[Records from a data source]
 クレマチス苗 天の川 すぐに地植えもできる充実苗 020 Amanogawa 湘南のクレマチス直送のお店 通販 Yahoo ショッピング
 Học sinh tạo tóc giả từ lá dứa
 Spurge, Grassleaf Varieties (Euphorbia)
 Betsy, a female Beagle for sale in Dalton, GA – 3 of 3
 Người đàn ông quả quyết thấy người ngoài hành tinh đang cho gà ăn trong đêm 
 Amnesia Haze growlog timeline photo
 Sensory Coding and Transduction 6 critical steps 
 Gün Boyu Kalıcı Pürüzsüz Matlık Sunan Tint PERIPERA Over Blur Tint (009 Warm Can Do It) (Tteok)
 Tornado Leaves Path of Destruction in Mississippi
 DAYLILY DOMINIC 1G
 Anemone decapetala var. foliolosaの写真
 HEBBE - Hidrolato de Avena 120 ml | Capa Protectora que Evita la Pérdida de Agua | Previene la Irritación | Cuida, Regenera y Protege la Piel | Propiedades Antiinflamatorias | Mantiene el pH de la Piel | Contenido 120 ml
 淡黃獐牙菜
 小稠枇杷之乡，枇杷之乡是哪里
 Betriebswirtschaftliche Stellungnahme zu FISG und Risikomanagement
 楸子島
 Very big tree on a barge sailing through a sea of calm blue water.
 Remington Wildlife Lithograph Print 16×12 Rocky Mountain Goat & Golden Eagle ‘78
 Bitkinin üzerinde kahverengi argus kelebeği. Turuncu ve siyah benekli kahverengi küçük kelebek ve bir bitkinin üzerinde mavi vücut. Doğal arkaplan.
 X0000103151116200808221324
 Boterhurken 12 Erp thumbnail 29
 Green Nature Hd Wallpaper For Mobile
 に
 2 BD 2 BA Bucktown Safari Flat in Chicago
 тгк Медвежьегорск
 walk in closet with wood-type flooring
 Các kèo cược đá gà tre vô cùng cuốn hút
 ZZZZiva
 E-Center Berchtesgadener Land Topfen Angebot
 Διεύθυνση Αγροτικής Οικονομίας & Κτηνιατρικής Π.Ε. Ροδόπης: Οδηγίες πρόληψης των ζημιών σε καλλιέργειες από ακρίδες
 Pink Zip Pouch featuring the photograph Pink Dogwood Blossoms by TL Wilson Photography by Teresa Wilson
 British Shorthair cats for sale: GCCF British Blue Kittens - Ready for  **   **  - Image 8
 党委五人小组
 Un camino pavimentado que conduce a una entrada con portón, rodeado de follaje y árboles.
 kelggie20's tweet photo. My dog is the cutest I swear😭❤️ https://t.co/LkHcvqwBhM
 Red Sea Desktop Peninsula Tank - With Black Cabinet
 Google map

▶ _Activity_
With the first line of the records as the start and the line holding "Amnesia Haze growlog timeline photo" as the end, please copy exactly those lines and no others.

▶ _Output for this task_
 クレマチス苗 天の川 すぐに地植えもできる充実苗 020 Amanogawa 湘南のクレマチス直送のお店 通販 Yahoo ショッピング
 Học sinh tạo tóc giả từ lá dứa
 Spurge, Grassleaf Varieties (Euphorbia)
 Betsy, a female Beagle for sale in Dalton, GA – 3 of 3
 Người đàn ông quả quyết thấy người ngoài hành tinh đang cho gà ăn trong đêm 
 Amnesia Haze growlog timeline photo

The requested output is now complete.